• [What to work on]
Your response should be the lines from the one containing "Λίγο πριν από το φάιναλ φορ…" through the end of the material, copied exactly and with nothing added.
----------
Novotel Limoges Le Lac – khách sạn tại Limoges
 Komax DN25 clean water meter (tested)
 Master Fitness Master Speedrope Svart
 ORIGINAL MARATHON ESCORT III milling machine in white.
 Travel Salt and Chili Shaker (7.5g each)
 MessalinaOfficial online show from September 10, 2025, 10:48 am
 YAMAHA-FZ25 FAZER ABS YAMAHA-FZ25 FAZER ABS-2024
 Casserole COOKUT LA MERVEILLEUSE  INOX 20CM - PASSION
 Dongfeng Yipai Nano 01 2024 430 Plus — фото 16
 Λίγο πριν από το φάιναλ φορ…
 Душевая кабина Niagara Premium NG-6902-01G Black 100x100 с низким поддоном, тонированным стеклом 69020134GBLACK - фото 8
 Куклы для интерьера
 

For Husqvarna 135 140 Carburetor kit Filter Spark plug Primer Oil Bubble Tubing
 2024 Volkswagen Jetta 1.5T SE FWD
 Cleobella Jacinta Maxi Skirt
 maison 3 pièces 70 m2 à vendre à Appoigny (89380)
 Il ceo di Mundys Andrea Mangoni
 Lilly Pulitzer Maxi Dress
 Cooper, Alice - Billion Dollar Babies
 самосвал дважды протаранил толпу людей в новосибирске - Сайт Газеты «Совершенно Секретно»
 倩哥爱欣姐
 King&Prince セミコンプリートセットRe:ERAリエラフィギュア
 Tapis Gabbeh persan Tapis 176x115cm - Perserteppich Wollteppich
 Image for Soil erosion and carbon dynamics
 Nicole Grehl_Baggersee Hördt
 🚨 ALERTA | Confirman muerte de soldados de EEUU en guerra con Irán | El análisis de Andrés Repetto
----------
• [Exercise answer]
 Λίγο πριν από το φάιναλ φορ…
 Душевая кабина Niagara Premium NG-6902-01G Black 100x100 с низким поддоном, тонированным стеклом 69020134GBLACK - фото 8
 Куклы для интерьера
 

For Husqvarna 135 140 Carburetor kit Filter Spark plug Primer Oil Bubble Tubing
 2024 Volkswagen Jetta 1.5T SE FWD
 Cleobella Jacinta Maxi Skirt
 maison 3 pièces 70 m2 à vendre à Appoigny (89380)
 Il ceo di Mundys Andrea Mangoni
 Lilly Pulitzer Maxi Dress
 Cooper, Alice - Billion Dollar Babies
 самосвал дважды протаранил толпу людей в новосибирске - Сайт Газеты «Совершенно Секретно»
 倩哥爱欣姐
 King&Prince セミコンプリートセットRe:ERAリエラフィギュア
 Tapis Gabbeh persan Tapis 176x115cm - Perserteppich Wollteppich
 Image for Soil erosion and carbon dynamics
 Nicole Grehl_Baggersee Hördt
 🚨 ALERTA | Confirman muerte de soldados de EEUU en guerra con Irán | El análisis de Andrés Repetto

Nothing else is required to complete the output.